## WORK ORDER
Lines from the start of the data through the line containing "The Triumphal Arch" must be given again exactly. Leave the others out.

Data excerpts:

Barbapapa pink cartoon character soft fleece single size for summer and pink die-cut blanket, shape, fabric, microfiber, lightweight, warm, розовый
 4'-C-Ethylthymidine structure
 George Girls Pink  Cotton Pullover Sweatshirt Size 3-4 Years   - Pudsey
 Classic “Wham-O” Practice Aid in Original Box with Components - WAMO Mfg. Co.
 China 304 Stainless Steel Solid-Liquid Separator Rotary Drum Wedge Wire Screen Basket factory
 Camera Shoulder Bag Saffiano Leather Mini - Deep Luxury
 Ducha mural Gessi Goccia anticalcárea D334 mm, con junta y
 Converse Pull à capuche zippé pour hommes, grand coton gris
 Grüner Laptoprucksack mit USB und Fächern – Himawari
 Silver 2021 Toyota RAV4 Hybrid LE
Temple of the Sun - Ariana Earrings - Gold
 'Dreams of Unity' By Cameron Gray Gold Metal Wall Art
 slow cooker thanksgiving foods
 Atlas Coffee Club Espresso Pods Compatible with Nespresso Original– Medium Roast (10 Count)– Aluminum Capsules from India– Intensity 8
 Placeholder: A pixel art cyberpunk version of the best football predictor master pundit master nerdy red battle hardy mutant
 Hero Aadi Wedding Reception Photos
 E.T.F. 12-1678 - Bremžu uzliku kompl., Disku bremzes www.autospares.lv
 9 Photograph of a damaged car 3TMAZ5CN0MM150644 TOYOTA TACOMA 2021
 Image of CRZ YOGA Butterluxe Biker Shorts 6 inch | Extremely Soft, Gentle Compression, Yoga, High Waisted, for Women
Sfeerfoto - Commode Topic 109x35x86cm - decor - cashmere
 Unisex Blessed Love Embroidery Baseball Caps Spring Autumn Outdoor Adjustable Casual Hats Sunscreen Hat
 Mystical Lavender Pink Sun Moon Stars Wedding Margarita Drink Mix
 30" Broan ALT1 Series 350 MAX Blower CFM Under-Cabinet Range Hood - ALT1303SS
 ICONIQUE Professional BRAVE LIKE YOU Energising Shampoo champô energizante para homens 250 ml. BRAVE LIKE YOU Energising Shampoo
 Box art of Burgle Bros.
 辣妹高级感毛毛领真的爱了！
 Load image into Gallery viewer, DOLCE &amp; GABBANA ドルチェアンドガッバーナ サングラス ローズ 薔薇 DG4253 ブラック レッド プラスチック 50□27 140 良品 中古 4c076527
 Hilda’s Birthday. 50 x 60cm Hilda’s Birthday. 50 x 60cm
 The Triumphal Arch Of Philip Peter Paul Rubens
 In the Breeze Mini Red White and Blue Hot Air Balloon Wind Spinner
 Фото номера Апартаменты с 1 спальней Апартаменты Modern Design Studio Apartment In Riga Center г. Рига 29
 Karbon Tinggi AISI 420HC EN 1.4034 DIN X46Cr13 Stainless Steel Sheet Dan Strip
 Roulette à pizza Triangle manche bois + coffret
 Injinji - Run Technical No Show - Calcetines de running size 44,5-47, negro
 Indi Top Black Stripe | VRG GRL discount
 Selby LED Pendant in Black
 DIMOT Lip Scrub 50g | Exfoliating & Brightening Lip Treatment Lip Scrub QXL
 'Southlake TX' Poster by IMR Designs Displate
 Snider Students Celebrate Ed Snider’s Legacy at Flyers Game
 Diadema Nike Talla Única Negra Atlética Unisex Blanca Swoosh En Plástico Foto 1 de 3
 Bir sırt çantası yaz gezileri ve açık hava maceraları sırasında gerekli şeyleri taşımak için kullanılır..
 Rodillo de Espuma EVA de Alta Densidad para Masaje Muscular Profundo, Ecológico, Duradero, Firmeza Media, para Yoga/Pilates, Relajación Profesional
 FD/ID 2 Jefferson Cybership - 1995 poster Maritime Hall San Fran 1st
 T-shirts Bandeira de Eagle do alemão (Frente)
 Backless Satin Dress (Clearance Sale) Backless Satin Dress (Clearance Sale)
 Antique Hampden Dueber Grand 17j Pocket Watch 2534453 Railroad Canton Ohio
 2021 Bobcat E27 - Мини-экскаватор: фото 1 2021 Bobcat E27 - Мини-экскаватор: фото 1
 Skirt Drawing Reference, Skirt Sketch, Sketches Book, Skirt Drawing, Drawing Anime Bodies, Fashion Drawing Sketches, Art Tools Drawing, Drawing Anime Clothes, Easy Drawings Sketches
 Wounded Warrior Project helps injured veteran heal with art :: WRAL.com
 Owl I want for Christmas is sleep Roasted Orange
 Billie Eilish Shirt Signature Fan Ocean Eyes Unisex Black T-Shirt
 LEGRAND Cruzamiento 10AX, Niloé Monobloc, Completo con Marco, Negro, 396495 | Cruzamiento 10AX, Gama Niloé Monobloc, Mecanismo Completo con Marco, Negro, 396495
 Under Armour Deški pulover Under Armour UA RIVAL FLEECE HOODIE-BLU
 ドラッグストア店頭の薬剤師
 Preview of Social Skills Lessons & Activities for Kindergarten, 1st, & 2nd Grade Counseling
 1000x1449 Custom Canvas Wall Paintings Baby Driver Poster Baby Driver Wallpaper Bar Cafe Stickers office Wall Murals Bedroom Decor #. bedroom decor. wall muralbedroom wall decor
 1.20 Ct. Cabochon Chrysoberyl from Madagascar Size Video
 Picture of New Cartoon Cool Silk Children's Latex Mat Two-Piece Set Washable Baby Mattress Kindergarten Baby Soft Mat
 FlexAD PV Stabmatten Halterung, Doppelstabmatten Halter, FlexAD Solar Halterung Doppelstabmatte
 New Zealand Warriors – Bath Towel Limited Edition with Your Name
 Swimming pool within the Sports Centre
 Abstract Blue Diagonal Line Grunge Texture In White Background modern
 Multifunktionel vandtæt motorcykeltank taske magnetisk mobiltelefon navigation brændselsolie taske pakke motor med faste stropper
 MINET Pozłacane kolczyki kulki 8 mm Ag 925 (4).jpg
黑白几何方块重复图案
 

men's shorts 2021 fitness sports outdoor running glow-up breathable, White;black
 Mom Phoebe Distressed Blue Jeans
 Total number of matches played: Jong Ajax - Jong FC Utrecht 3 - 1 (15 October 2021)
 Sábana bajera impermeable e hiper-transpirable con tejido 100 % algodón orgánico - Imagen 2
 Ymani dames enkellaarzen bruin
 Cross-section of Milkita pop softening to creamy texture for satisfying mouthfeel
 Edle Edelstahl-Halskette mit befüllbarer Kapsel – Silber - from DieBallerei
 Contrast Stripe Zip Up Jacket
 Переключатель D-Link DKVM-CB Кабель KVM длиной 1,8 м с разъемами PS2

## EXERCISE RESULT
Barbapapa pink cartoon character soft fleece single size for summer and pink die-cut blanket, shape, fabric, microfiber, lightweight, warm, розовый
 4'-C-Ethylthymidine structure
 George Girls Pink  Cotton Pullover Sweatshirt Size 3-4 Years   - Pudsey
 Classic “Wham-O” Practice Aid in Original Box with Components - WAMO Mfg. Co.
 China 304 Stainless Steel Solid-Liquid Separator Rotary Drum Wedge Wire Screen Basket factory
 Camera Shoulder Bag Saffiano Leather Mini - Deep Luxury
 Ducha mural Gessi Goccia anticalcárea D334 mm, con junta y
 Converse Pull à capuche zippé pour hommes, grand coton gris
 Grüner Laptoprucksack mit USB und Fächern – Himawari
 Silver 2021 Toyota RAV4 Hybrid LE
Temple of the Sun - Ariana Earrings - Gold
 'Dreams of Unity' By Cameron Gray Gold Metal Wall Art
 slow cooker thanksgiving foods
 Atlas Coffee Club Espresso Pods Compatible with Nespresso Original– Medium Roast (10 Count)– Aluminum Capsules from India– Intensity 8
 Placeholder: A pixel art cyberpunk version of the best football predictor master pundit master nerdy red battle hardy mutant
 Hero Aadi Wedding Reception Photos
 E.T.F. 12-1678 - Bremžu uzliku kompl., Disku bremzes www.autospares.lv
 9 Photograph of a damaged car 3TMAZ5CN0MM150644 TOYOTA TACOMA 2021
 Image of CRZ YOGA Butterluxe Biker Shorts 6 inch | Extremely Soft, Gentle Compression, Yoga, High Waisted, for Women
Sfeerfoto - Commode Topic 109x35x86cm - decor - cashmere
 Unisex Blessed Love Embroidery Baseball Caps Spring Autumn Outdoor Adjustable Casual Hats Sunscreen Hat
 Mystical Lavender Pink Sun Moon Stars Wedding Margarita Drink Mix
 30" Broan ALT1 Series 350 MAX Blower CFM Under-Cabinet Range Hood - ALT1303SS
 ICONIQUE Professional BRAVE LIKE YOU Energising Shampoo champô energizante para homens 250 ml. BRAVE LIKE YOU Energising Shampoo
 Box art of Burgle Bros.
 辣妹高级感毛毛领真的爱了！
 Load image into Gallery viewer, DOLCE &amp; GABBANA ドルチェアンドガッバーナ サングラス ローズ 薔薇 DG4253 ブラック レッド プラスチック 50□27 140 良品 中古 4c076527
 Hilda’s Birthday. 50 x 60cm Hilda’s Birthday. 50 x 60cm
 The Triumphal Arch Of Philip Peter Paul Rubens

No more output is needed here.